Las redes eléctricas cambiaron para siempre el espacio de la ciudad. A las tres de la tarde del 4 de septiembre de 1882, Thomas Alva Edison hizo andar por primera vez una central eléctrica en Manhattan. Se dice que habían conectadas varias centenas de ampolletas incandescentes distribuidas en los inmuebles de menos de una centena de clientes pioneros. A medida que la noche fue cayendo, los habitantes de Nueva York se dieron cuenta de que asistían al comienzo de una nueva era.
La mayor dificultad de la hazaña de Edison fue preparar su red de varios kilómetros de tuberías subterráneas que corrían desde la planta a los distintos domicilios. No bastaba con el prodigio de la electricidad: los cables del telégrafo ya tenían saturado el cielo de la ciudad y Edison pensaba que la nueva energía debía distinguirse de las antiguas redes, aportando orden y limpieza al espacio urbano. Las primeras tuberías subterráneas no solo fueron tremendamente costosas, sino que tampoco funcionaron bien. Cuando llovía, la electricidad no era contenida por una precaria aislación de cemento y yute, y caían muertos los caballos cuando pisaban los charcos electrificados. Pero ni Edison se dio por vencido ni la ciudad hubo de claudicar su espacio para hacerle lugar a nuevos tendidos aéreos. Se perfeccionó la técnica y la electricidad irrigó el tejido urbano de forma moderna, invisible y mágica. Cuando hay una visión de ciudad, no hay obstáculos sino desafíos.

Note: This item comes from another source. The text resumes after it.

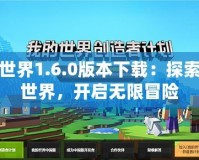 我的世界1.6.0版本下載：探索全新世界，開啟無(wú)限冒險(xiǎn)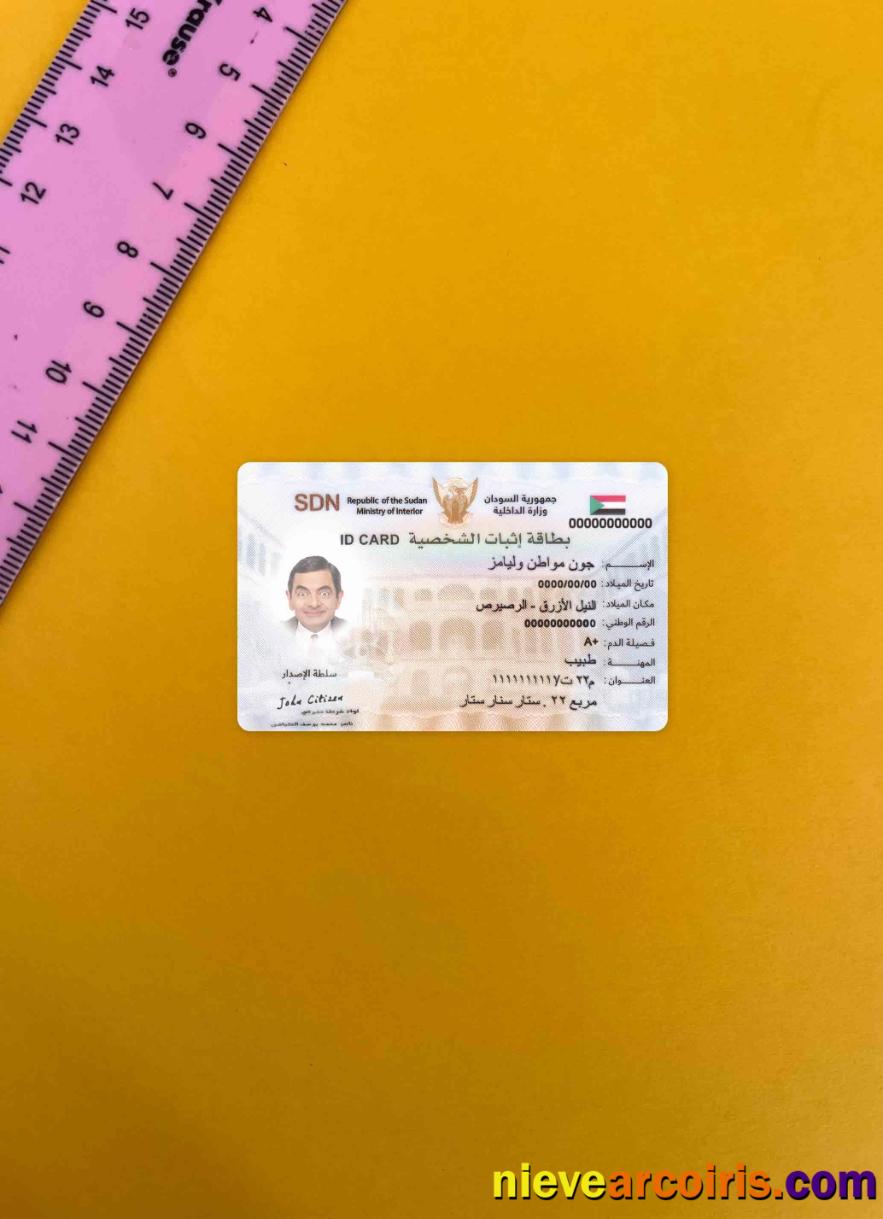 Sudan identity card photolook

Qué bien nos haría un plan gradual -pero decidido- de soterramiento de cables en nuestras ciudades. Ganaríamos ese sorprendente efecto de limpieza y orden que se produce cuando no vemos esa maraña negra cruzando todas las vistas. Los árboles podrían crecer de forma armónica, liberados de la motosierra torpe y criminal. Son valores estéticos y ambientales que determinan nuestra calidad de vida, y que podríamos agregar a los valores económicos que se obtendrían al no paralizar nuestras ciudades después de cada tormenta. Nos ayudaría a tener un nivel mínimo de certeza en el suministro de nuestros servicios, que, dicho sea de paso, es un derecho de ciudadanos más que de clientes.